Most of the time Apple’s AirTags can be a lifesaver. You’re late and lost your keys somewhere in your house? If you’ve got an AirTag attached you’ll find them in no time. They also have a cool feature that, if found out in the wild, can be scanned to show its owner’s info. But a recently discovered vulnerability allows would-be attackers to use that feature to redirect people who scan the tag to a website of their choosing.
How it’s supposed to work: Once you’ve lost an AirTag, say in another country or someplace you can’t easily get to, you’re able to activate Lost Mode from the Find My app on your Apple device. Then, the tag generates a unique URL where owners can leave a message with their contact details so that if someone finds it and is feeling like being a good person, they can go about returning it. The tag does this by generating that URL so when someone scans it with an NFC capable device, it automatically redirects them to a webpage containing the relevant details.

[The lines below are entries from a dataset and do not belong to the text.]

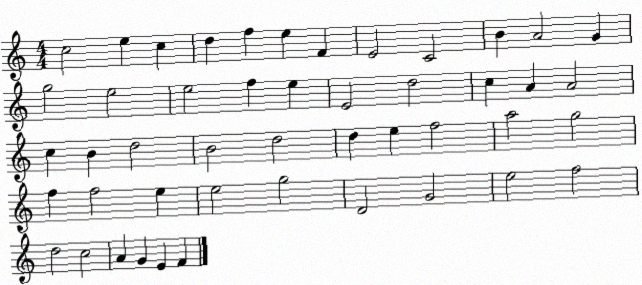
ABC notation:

X:1
T:Untitled
M:4/4
L:1/4
K:C
c2 e c d f e F E2 C2 B A2 G g2 e2 e2 f e E2 d2 c A A2 c B d2 B2 d2 d e f2 a2 g2 f f2 e e2 g2 D2 G2 e2 f2 d2 c2 A G E F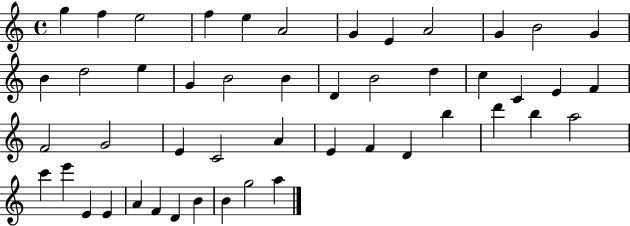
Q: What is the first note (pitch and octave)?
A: G5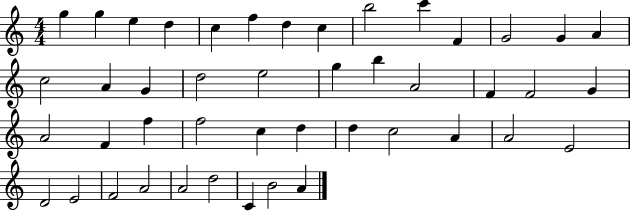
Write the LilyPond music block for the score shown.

{
  \clef treble
  \numericTimeSignature
  \time 4/4
  \key c \major
  g''4 g''4 e''4 d''4 | c''4 f''4 d''4 c''4 | b''2 c'''4 f'4 | g'2 g'4 a'4 | \break c''2 a'4 g'4 | d''2 e''2 | g''4 b''4 a'2 | f'4 f'2 g'4 | \break a'2 f'4 f''4 | f''2 c''4 d''4 | d''4 c''2 a'4 | a'2 e'2 | \break d'2 e'2 | f'2 a'2 | a'2 d''2 | c'4 b'2 a'4 | \break \bar "|."
}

But… security consultant and penetration tester Bobby Rauch discovered a vulnerability that allows potential attackers to use this feature against you. Doing so is scarily easy.
In a Medium post, he outlines one of the ways one would go about exploiting this vulnerability. The process involves redirecting whoever scans the tag to a very legit-looking Apple login page that asks the viewer to log in with an Apple ID username and password. The site is not legit, and uses a keylogger to capture your details and sends them to the attacker. That’s a very bad thing.

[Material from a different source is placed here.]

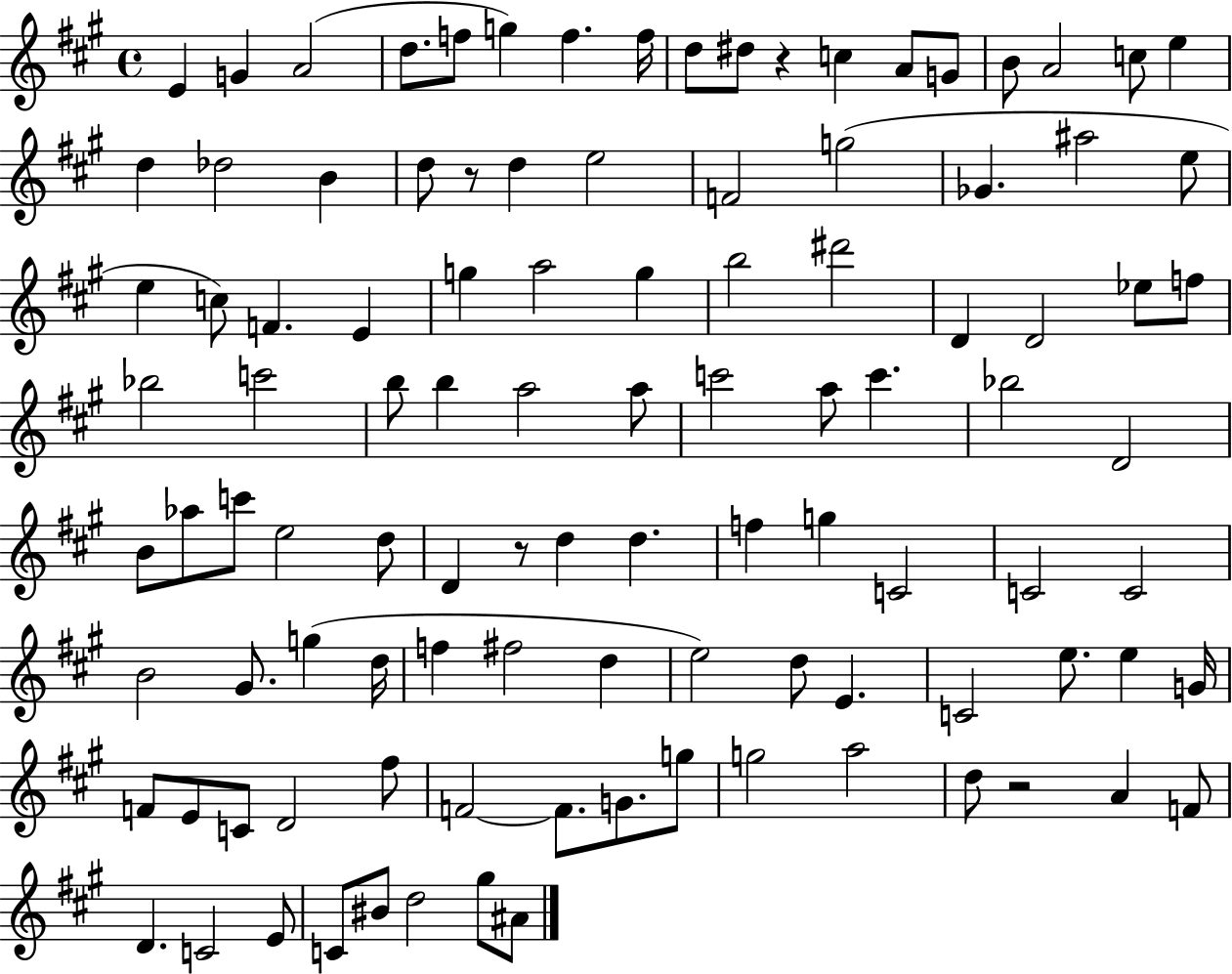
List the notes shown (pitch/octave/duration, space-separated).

Everyone to Apple: “I’m in.”
Speaking to Krebs on Security, Rauch says he informed Apple about the vulnerability in June, telling them that he would make the information public in 90 days, as is usual with disclosures of this nature.

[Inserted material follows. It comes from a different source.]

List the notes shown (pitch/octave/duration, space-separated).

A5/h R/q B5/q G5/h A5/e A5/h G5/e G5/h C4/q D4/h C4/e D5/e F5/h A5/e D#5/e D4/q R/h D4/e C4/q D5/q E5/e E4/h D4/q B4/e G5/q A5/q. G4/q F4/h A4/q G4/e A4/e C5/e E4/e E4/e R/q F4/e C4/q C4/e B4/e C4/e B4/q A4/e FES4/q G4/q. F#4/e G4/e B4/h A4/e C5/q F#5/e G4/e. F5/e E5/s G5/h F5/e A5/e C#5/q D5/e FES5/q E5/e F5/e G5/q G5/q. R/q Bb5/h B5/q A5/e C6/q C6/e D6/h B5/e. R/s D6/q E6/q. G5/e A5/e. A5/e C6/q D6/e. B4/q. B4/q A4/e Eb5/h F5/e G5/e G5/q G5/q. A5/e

According to Rauch, during those three months when he followed up with Apple, the company would say it was still investigating. Then, five days after the 90-day disclosure protection window had expired, Apple responded and said the vulnerability would be patched in an upcoming update and they would appreciate it if he didn’t leak it. But he did anyway, to protest Apple’s lack of communication.
The moral of the story here is that if you locate an AirTag out in the wild and find that, upon scanning, it asks you to log in, don’t. After all, when you find a USB stick lying around somewhere public, your first thought shouldn’t be to plug it in and see what’s on it. That’s how the US Department of Defense was made to look like fools and led to the creation of the US Cyber Command.